Utilizando uma roupa característica dos guardadores credenciados e ligados a sindicatos que têm permissão para explorar a Zona Azul em Salvador, um homem informa aos motoristas que estacionam, no período da tarde, na Rua Eduardo José dos Santos, próximo ao Centro Médico Empresarial (CME), na Garibaldi, que o sistema está fora do ar e a máquina não está imprimindo o ticket. Cobra R$ 3 por duas horas e “tranquiliza” os condutores que a Transalvador está “ciente” da situação e que não “há risco de multas” em decorrência disso. O relato, similar, é de cinco motoristas que foram autuados por agentes da autarquia da prefeitura, responsável por gerir o trânsito e os estacionamentos públicos de Salvador. A infração, considerada grave, rende multa de R$ 195,23 mais perda de 5 pontos na carteira de habilitação.
“Estacionei meu carro para ir ao médico. Fiz o pagamento, por duas horas, e o guardador me deu essa informação. Acreditei nele, dias depois recebi a notificação em casa”, relata uma das vítimas. “O guardador me informou que o sistema estava fora do ar. Perguntei como faria, uma vez que estava sem internet no celular. Ele disse que eu podia pagar o valor relativo às horas que fosse permanecer no local, se o sistema retornasse, faria a emissão do ticket. Sobre a Transalvador, ele disse que ela tinha ciência do problema naquela tarde. Acreditei na palavra e na boa fé dele, em se tratando de um profissional, aparentemente, credenciado. Mas fui multado e estou recorrendo dessa injustiça”, afirmou o jornalista Daniel Ferreira, uma das vítimas.
“Cheguei para estacionar na rua e o flanelinha me disse que o sistema estava fora do ar, que a Transalvador estava ciente e que não tinha risco de multa. Quando retornei encontrei o agente aplicando multas nos veículos estacionados”, relata outro motorista, que pede anonimato. “O guardador me disse que a máquina estava com problema, que eu podia ficar tranquilo, que se o sistema retornasse, ele faria o lançamento e eu pegaria o ticket na mão dele quando voltasse. O que recebi foi uma notificação de multa”, relata outro condutor, um senhor de 65 anos. “Eu não tenho celular com internet para fazer o pagamento via digital”, acrescenta.
Os relatos são comuns e as vítimas, possivelmente, inúmeras e diárias. Tudo com o conhecimento da Transalvador, relata Ricardo Silva, outra vítima. Ele conta que ligou para autarquia denunciando a situação.
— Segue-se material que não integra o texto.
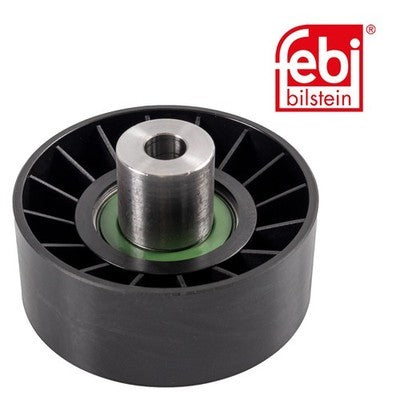 Febi 49872 Idler Pulley Premium High Performance Fits Ford Transit 2006 - 2014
“O atendente, de prenome Herick, fez o registro. Minutos depois encontrei um agente da Transalvador de prenome Barbosa, com outros colegas aplicando multas nos veículos estacionados. Conversei com ele, que me disse que era comum a atuação desse falso guardador no local, mas que eles não tinham como agir por não ter poder de polícia e temer represálias”, relata. “Isso aqui é rotineiro, sempre depois das 13 horas. A Transalvador tem ciência, mas não toma uma atitude porque pra ela interessa aplicar a multa e arrecadar dinheiro para a prefeitura. Outro dia um senhor retornou armado e correu atrás do guardador. Por sorte, havia muita gente andando aqui, ele atirou pra cima, e o guardador fugiu. No dia seguinte voltou”, conta uma pessoa que trabalha próximo ao posto de gasolina da Petrobrás, região que concentra muitos consultórios médicos.
Em agosto passado, o Ministério Público da Bahia (MP-BA) acionou na Justiça a Superintendência de Trânsito de Salvador (Transalvador) e o Município de Salvador pedindo que o Judiciário proíba a cobrança de multas de veículos estacionados em área de zona azul onde não houver guardadores ou outros encarregados que possam expedir tíquetes de pagamento da tarifa no local pelo usuário. A ação foi ajuizada pela promotora Joseane Suzart. Caso o pedido seja acatado, a Transalvador também deverá garantir que para cada 25 vagas de Zona Azul Digital exista ao menos um guardar durante toda a duração diária do serviço público.
Entre janeiro e maio deste ano, a Transalvador aplicou 233.787 multas, o que garantiu aos cofres da prefeitura R$ 35,2 milhões, a maior arrecadação dos últimos 4 anos realizados pela autarquia com infrações.